◆ **EXERCISE AIM**
Go through the listing below and repeat it exactly, dropping the pictures.

◆ **DATA PROVIDED**
/---

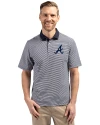 Atlanta Braves Cutter & Buck Virtue Eco Pique Micro Stripe Recycled Mens Big & Tall Polo Navy Blue/White Front Thumbnail Image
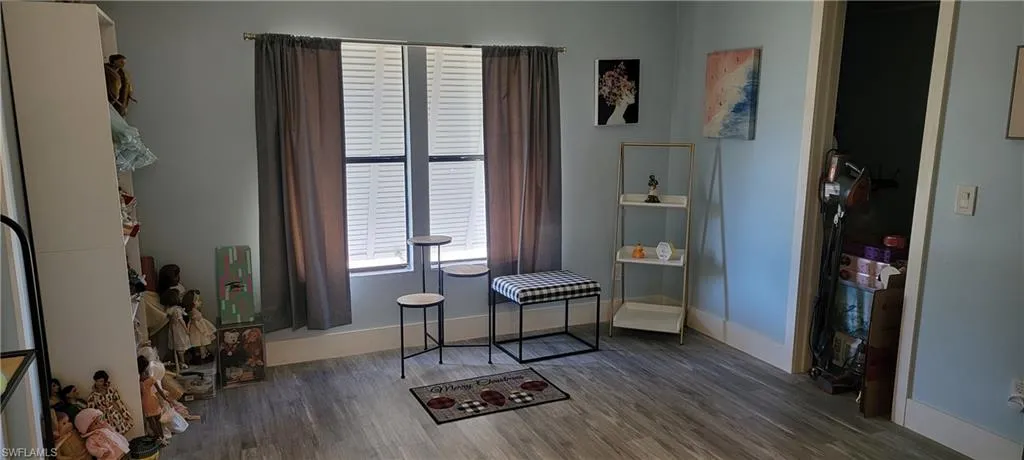 Guest bedroom features 2 closets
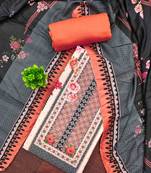 Orange cotton embroidered unstitched dressmaterials 3 pair top bottom dupptaa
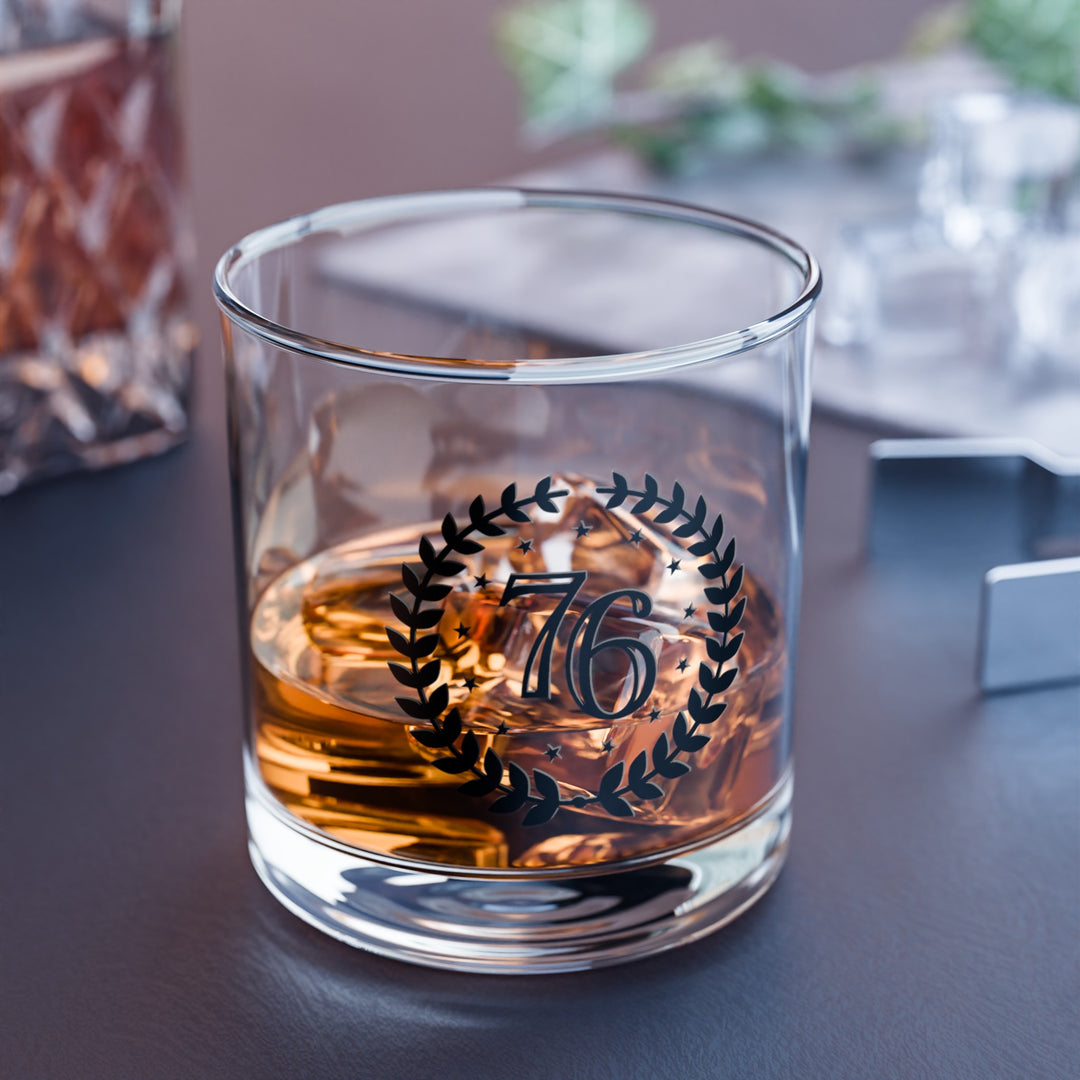 76 Crest Logo Rocks Glass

\---

◆ **TASK OUTPUT**
 Atlanta Braves Cutter & Buck Virtue Eco Pique Micro Stripe Recycled Mens Big & Tall Polo Navy Blue/White Front Thumbnail Image
 Guest bedroom features 2 closets
 Orange cotton embroidered unstitched dressmaterials 3 pair top bottom dupptaa
 76 Crest Logo Rocks Glass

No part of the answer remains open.